Dr. Lyman on Rituximab Biosimilars in Non-Hodgkin Lymphoma

Video

Gary H. Lyman, MD, MPH, senior lead, Health Care Quality and Policy, Hutchinson Institute for Cancer Outcomes Research, member, Cancer Prevention Program, Public Health Services Division, and member, Clinical Research Division, Fred Hutchinson Cancer Research Center, discusses the use of rituximab (Rituxan) biosimilars in the treatment of patients with non-Hodgkin lymphoma (NHL).

Gary H. Lyman, MD, MPH, senior lead, Health Care Quality and Policy, Hutchinson Institute for Cancer Outcomes Research, member, Cancer Prevention Program, Public Health Services Division, and member, Clinical Research Division, Fred Hutchinson Cancer Research Center, discusses the use of rituximab (Rituxan) biosimilars in the treatment of patients with non-Hodgkin lymphoma (NHL).
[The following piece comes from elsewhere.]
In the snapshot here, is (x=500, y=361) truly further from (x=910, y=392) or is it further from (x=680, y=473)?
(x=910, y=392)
PF-05280586 (rituximab-pvvr; Ruxience), a biosimilar for rituximab, was approved for the treatment of adult patients with CD20-positive B-cell NHL in July 2019, so it’s hard to say what it’s impact will be. However, at the 2018 ASCO Annual Meeting, a European group presented data on the early use of the rituximab biosimilar in patients with lymphoma. The investigators reported that the use of rituximab biosimilars was more favorable in patients with less curable forms of lymphoma, says Lyman. Notably, oncologists were less willing to use these new agents in the curative setting. They reserved the originator product for patients with diffuse large B-cell lymphoma, where the goal of treatment is usually cure.
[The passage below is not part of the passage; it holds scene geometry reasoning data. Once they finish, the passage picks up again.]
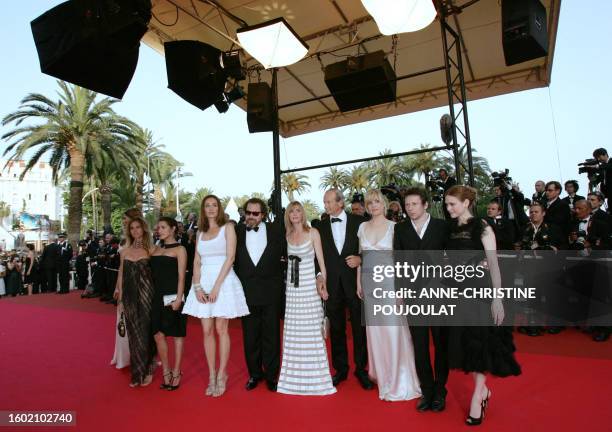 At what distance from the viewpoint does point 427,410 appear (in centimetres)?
331

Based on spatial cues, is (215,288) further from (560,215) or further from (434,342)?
(560,215)

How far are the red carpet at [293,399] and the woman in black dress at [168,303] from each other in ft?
0.79

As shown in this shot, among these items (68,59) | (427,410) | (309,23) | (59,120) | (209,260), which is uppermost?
(59,120)

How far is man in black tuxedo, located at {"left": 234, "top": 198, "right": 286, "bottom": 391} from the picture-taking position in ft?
13.2

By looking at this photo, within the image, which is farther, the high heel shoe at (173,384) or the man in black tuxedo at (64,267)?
the man in black tuxedo at (64,267)

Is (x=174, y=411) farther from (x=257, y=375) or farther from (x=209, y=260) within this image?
(x=209, y=260)

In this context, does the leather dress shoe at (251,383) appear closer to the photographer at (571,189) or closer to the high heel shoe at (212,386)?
the high heel shoe at (212,386)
Now that biosimilars are starting to become approved in the treatment setting, there may be some discrimination as to their use outside the supportive care setting, explains Lyman. Therefore, biosimilars are more likely to be used in patients with metastatic disease or in low-grade lymphoma where the goal is extending life but not necessarily cure, says Lyman. Although these data came from Europe, Lyman anticipates that a similar trend will be seen in the United States.